• **THE DATA**:
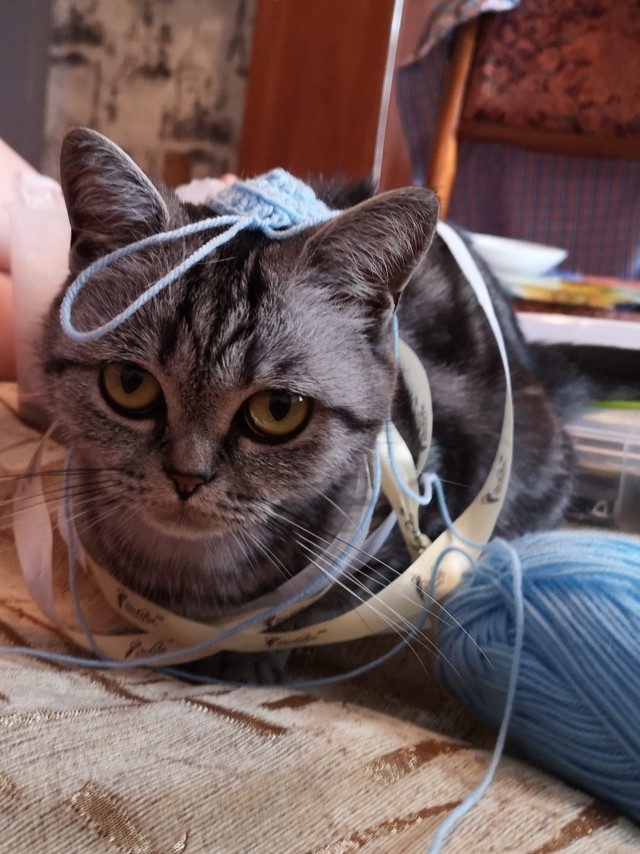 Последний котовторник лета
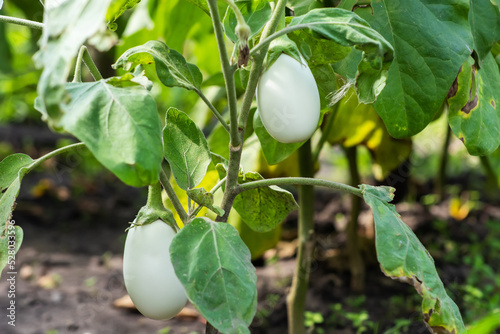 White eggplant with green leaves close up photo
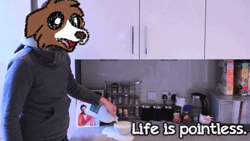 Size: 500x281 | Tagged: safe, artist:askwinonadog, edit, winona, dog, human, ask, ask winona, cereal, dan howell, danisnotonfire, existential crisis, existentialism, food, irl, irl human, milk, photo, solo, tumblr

• **PROBLEM STATEMENT**: Leave out the pictures and retype every line above exactly.

• **RESULT**:
 Последний котовторник лета
 White eggplant with green leaves close up photo
 Size: 500x281 | Tagged: safe, artist:askwinonadog, edit, winona, dog, human, ask, ask winona, cereal, dan howell, danisnotonfire, existential crisis, existentialism, food, irl, irl human, milk, photo, solo, tumblr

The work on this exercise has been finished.